I kind of hate myself. Because I know I've hurt my friends. One prime example is a perfectly decent person, which is why I can consider her a friend. I feel guilty everytime I see her because of what I did and what I did not do. I was one of those who contributed to her suffering. I did not stand up for what I believed in. In short, I was an accomplice in the act of bullying. Yes. Ugly, disgusting practice that occurs even in a class of young adults. I stopped. But the very fact that I was part of it for a moment makes my skin crawl when I think about it. I'm not friends with her because I pity her. I'm friends with her becuase I realised that she's an interesting, caring and responsible person. Among other less tangible reasons. I hate myself for hurting someone I like. Yeah, I definitely like her. Which is why I bother to listen to her, reply SMSes and all the things that you do when you care for someone.


I am about to embark on a journey that will change me as a person. I will meet new people, old accquaintences that I thought I left behind, and old enemies that I want to leave behind. I will see things that I had rather not see, and I will learn things that I have always wanted to know. I will gain things, and inadvertedbly lose things along the way. I may become someone I would hate now. I may very well turn into a pillar of exemplary conduct. HAHA. In short, I will change. If you see signs of me turning into this fugly monster snarling and snapping away, I hope you will correct my habits. I cannot promise that I shan't swear and try to rip you to shreds, but for the benefit of mankind... I do hope you understand.

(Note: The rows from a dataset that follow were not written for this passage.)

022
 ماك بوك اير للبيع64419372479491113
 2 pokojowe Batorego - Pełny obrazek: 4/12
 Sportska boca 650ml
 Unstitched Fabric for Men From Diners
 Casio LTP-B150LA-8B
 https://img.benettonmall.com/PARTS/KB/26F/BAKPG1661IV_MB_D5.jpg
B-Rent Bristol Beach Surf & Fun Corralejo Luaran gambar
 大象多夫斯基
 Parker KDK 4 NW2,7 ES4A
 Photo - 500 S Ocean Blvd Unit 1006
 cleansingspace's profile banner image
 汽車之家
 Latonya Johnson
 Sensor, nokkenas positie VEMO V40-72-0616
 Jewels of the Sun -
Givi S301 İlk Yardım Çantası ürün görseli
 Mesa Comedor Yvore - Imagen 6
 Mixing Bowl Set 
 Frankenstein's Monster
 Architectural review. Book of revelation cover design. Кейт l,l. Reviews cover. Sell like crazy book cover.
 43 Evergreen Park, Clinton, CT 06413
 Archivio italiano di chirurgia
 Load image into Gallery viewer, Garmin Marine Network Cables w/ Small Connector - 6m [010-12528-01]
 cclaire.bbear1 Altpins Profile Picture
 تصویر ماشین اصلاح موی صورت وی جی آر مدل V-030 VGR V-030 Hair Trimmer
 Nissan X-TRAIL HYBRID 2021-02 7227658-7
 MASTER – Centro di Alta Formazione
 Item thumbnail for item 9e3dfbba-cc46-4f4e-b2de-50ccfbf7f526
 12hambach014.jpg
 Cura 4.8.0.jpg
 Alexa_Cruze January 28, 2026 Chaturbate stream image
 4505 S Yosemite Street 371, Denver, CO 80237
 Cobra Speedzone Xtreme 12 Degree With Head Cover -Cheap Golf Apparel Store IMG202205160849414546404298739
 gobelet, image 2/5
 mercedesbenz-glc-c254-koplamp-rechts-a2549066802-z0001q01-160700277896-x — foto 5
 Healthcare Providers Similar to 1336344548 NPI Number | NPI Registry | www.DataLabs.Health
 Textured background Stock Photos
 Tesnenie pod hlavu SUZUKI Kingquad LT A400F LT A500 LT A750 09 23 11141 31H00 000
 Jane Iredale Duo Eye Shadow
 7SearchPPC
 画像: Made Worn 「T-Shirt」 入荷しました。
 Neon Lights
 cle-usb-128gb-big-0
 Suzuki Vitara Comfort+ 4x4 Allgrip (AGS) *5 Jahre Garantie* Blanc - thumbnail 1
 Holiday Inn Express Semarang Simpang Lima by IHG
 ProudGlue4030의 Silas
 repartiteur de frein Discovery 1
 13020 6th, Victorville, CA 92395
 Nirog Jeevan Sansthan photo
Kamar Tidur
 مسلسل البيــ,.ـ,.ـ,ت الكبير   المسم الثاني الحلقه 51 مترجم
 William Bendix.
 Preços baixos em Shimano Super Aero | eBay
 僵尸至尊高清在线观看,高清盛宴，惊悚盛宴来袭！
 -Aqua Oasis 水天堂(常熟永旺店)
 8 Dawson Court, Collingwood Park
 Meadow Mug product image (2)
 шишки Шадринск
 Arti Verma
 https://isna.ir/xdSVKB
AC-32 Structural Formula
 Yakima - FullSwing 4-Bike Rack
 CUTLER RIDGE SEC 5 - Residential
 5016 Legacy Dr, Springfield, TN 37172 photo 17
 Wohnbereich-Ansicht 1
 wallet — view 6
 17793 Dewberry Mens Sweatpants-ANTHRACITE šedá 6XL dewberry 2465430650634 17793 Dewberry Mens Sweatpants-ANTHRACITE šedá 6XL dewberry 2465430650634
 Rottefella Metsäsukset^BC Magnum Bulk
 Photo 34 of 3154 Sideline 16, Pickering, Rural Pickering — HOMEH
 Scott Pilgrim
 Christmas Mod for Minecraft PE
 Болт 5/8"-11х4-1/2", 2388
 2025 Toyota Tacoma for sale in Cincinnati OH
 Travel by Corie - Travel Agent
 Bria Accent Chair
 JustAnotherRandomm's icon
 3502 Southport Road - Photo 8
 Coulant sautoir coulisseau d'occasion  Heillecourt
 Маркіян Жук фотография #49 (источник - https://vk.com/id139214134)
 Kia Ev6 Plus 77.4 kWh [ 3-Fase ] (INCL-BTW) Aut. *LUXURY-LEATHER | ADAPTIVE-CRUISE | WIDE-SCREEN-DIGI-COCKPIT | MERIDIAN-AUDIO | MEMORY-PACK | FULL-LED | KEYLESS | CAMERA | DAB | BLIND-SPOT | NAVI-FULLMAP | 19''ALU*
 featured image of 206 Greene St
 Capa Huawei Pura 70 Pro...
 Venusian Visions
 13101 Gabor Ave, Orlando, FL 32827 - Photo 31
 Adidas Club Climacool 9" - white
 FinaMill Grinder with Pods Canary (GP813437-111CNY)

This is a short post because I am in no mood for lenghty self analysis. If I look too hard at myself and my life, I am bound to find an entire wall of scratches, dirt, grime and all sort of nasty stuff. Its like straing at your reflection in the mirror. After the novelty of self-awareness is over, you start noticing the pimples. The scars. Messy hair. Slight irregularities here and there. And then you see a monster staring back at you in the mirror. Unpleasant experience. Yes, you can say that I have poor self-esteem. My ego is my weakness and strength. I can only be hurt by the people who matter to me. I could not care less about what the general human population thinks of me, but if my friends or family was to say I look fat or ugly... I think my world would come crashing down. HAHA. So the entire fiasco with my family? Yeah, talk to me and you can start to see the numerous scars. yes, I was badly hurt. Dragged through an emotional mill. Barbed wires, bazookas, bombs. Torn apart and hastily put back together for my final exams. I'm not surprised my grades are a mess. And the people responsible for it blame me for being afffected. Bloody hypocrites. I shall not dwell on this. Else I'll probably never end this post. Lets just leave it at the admission that I have not been happy since the day it all began.

"Loving someone makes you weak, but those who are truly strong knows that it is not true weakness."